3. What is your favorite coffee spot?
I really like BREW near [the restaurant] 18 Seaboard in Raleigh. Of course, I hit Starbucks up in North Hills, at the corner of Lassiter Mill on Six Forks, pretty often. But if I’m looking for a place to hang out, I like to go over to BREW.
4. What keeps you up at night?
Making sure people get through their healthcare surgery safely would be the first answer. Secondly with the company, just making sure we’re rolling out in the right way and that our staff are taken care of and we’re getting things to the next level at the perfect time and not pushing too hard, but pushing enough.
5. What is your favorite restaurant or happy hour?
I love a lot of restaurants; I’ve never met a restaurant I didn’t like. I love going to Glenwood Grill, Bloomsbury Bistro, Vivace, Mia Francesca—those are my top four.
6. What is next for you or your organization?
In terms of BeeWell, we have a lot of goals with platform development that are in process. Also, getting to the next level in terms of making sure our user base is strong enough to insure that the data is as truly valuable as I think it will and can be. That’s all wrapped up in scaling, the scaling up to the next specialty or the next level of practice or health system. Just getting it in the hands of more patients is the goal because it’s going to be a really, really valuable tool for patients.

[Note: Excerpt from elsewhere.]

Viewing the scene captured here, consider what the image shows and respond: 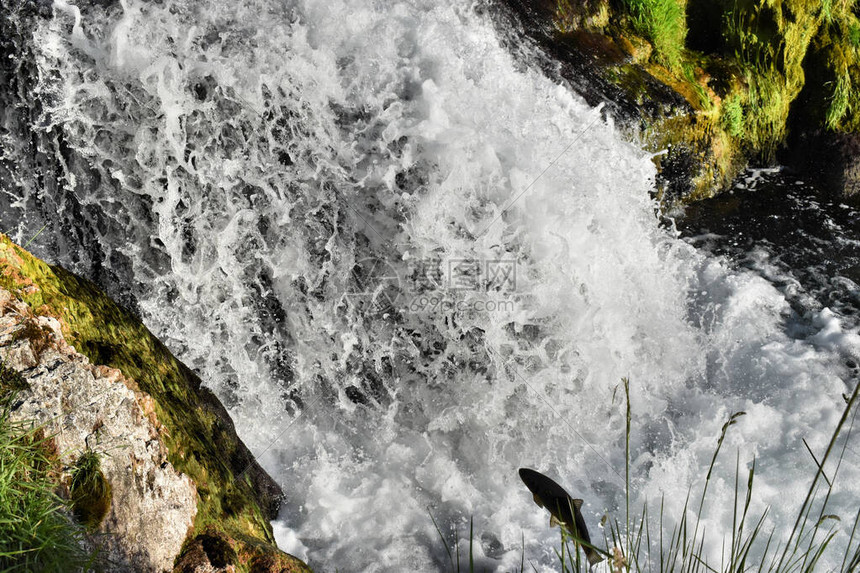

I have a great balance right now; I love my job at WakeMed and my partners and my practice. I would love to be in more of a leadership role in a healthcare system but that’s not an immediate goal. I’m pretty happy right now with building a practice and taking care of patients every day and then being able to serve patients from a completely different angle with BeeWell. My goal is always to do a better job at what I do every day and there’s always room for that.